Referal laboratories play a significant role in all countries as they are considered to be authoritative and results communicated by them are accepted without questioning. Such laboratories analyze hundreds of samples daily. Analysis of each and every sample is important but at times critical samples are required to be analyzed. Such samples are often received from regulatory bodies under proficiency testing programmes, environment control boards, litigation samples, standard reference materials and samples whose results are under dispute. Analysis of such samples require additional attention as the reputation or even ranking of laboratories both by national and international bodies is under stake.
Chemicals and Reagents
The quality of analysis results depends to a great extent on the purity of chemicals and reagents used in testing.
- It is advisable to use highest purity grade chemicals available.
- Procure material only from approved vendors.
- Always use clean spatulas or pipettes for withdrawing materials form bottles. Do not leave bottles uncapped after use
- Store chemicals under prescribed storage conditions.

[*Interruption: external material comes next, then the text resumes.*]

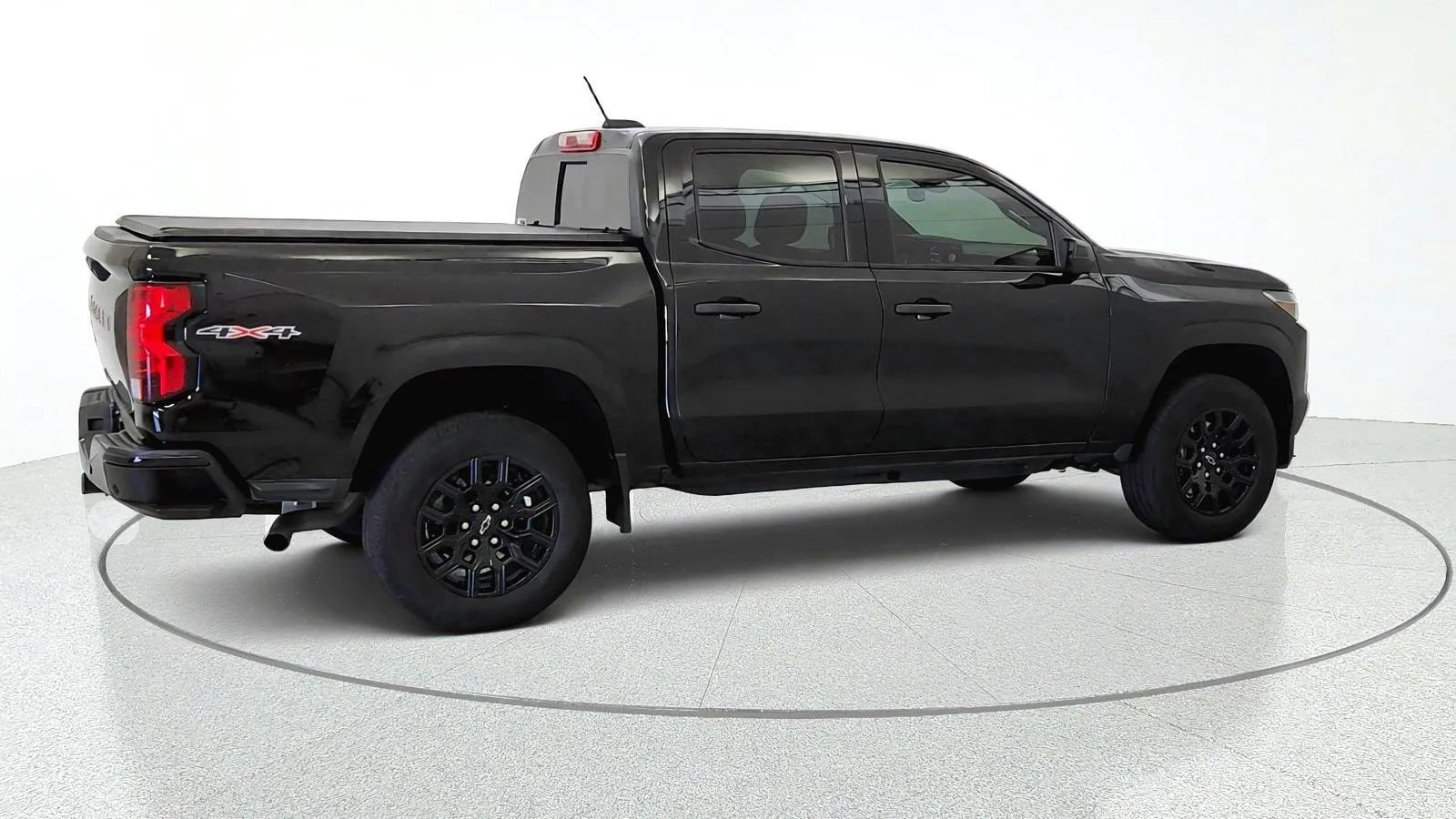 Used 2025 Chevrolet Colorado W/T w/ WT Custom Package AWD/4WD image 9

- Do not use any material after its date of expiry.
- Prepare reagents and buffer solutions required for analysis fresh before analysis and do not store for subsequent use.

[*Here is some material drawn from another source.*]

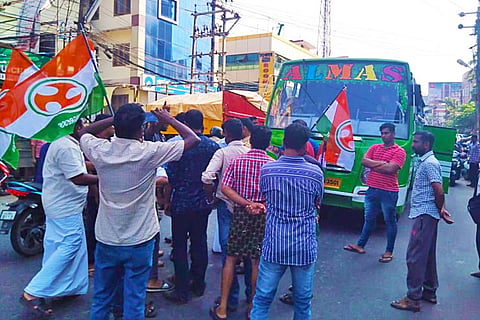 Kerala flash hartal: Buses and passengers attacked, shops forced to shut across dists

Use only approved methods of analysis. If a new method is developed for any particular application always validate before adoption for routine use. No changes should be made at one’s discretion and if any such changes are desired further revalidation should be carried out.

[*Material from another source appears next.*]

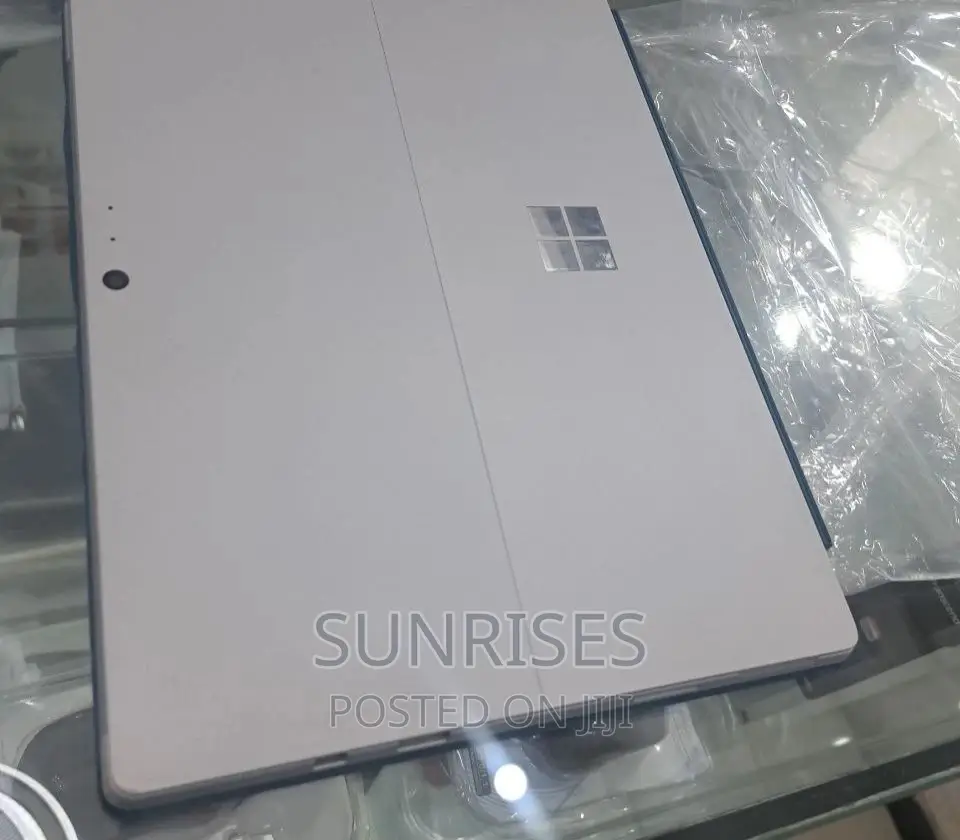 New Laptop Microsoft Surface 8GB Intel Core I5 SSD 256GB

Like chemicals and reagents, glassware should also be procured from approved and reputed suppliers.
- Glassware used for critical sample analysis should be Grade A and accompanied with a certificate of calibration.
- All volumetric measurements should be made under a standard temperature of 250C
- Ensure cleanliness of glassware used for such analysis
Sample Receipt and Storage
Sample handling is important for reliability of results. On receipt following should be ensured
- Packet or container should be intact and there are no leaks or cracks
- Record the physical state and description of the sample upon receipt
- The label is properly affixed and contains all relevant information on the sample
- A sample is accompanied with a letter containing the parameters for testing
- The sample reaches the laboratory under required storage conditions and is retained under the same conditions till the time of analysis
- Retain a portion of the sample for verification of results.
- Accord highest priority to testing of critical samples
- The sample should be divided and given to at least three different validated analysts
- After compilation average value should be reported. If fluctuations are significant revalidation through repeat analysis should be carried out.
- All instrument facilities used should be calibrated in advance and calibration records should be available for verification.
Record keeping is the last stage that completes the analysis. Records are essential for repeat testing, validation of conditions used for analysis, laboratory approvals, sharing of results with regulatory agencies, courts, presentation during audits and even sharing with the public in the interest of social welfare.
The responsibility and confidence placed by all on reference laboratories should never be underestimated so before analysis results are released referral laboratories should ensure that all precautionary measures were complied with. This will help retain the supremacy of reference laboratories over other laboratories.